» **AIM OF THE TASK**
Of the entries below, return only those lines from the line with "Hello, I'm Ian" to the line with "Roasting a chicken", exactly, both included.

» **TASK MATERIAL**
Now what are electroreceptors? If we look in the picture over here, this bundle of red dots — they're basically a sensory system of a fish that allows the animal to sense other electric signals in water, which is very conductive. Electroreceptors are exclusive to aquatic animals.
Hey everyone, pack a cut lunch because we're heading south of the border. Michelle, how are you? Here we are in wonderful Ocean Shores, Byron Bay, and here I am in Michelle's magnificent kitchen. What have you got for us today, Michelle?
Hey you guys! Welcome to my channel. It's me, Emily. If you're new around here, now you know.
--
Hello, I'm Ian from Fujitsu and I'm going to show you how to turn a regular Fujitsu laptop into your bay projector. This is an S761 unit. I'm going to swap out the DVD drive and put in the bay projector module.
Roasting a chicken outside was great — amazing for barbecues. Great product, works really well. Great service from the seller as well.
--
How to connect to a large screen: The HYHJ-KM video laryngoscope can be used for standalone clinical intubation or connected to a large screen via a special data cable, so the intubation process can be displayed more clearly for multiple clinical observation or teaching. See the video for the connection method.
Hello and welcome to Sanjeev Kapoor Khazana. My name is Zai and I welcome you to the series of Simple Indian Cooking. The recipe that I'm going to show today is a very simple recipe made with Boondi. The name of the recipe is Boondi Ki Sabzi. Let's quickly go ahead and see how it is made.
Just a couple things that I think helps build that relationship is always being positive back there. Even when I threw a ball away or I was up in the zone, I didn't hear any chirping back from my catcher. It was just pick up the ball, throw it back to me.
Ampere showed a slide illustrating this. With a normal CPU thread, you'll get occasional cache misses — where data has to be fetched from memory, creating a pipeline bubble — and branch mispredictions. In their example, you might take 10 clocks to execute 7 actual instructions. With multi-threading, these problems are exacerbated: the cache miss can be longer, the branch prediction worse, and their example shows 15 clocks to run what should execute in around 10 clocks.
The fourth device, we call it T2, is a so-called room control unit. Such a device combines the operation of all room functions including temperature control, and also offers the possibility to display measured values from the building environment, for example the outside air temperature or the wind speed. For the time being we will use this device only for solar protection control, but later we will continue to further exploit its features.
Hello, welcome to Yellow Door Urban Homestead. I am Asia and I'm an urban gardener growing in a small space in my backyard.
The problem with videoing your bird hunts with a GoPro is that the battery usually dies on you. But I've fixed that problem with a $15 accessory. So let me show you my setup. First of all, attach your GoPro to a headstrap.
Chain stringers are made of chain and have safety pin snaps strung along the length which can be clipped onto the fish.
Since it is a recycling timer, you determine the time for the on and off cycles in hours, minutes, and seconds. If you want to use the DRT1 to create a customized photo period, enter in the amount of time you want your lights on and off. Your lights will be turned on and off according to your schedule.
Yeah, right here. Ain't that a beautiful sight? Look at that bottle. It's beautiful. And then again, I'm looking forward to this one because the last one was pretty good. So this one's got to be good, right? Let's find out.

» **SOLUTION TO THE PROBLEM**
Hello, I'm Ian from Fujitsu and I'm going to show you how to turn a regular Fujitsu laptop into your bay projector. This is an S761 unit. I'm going to swap out the DVD drive and put in the bay projector module.
Roasting a chicken outside was great — amazing for barbecues. Great product, works really well. Great service from the seller as well.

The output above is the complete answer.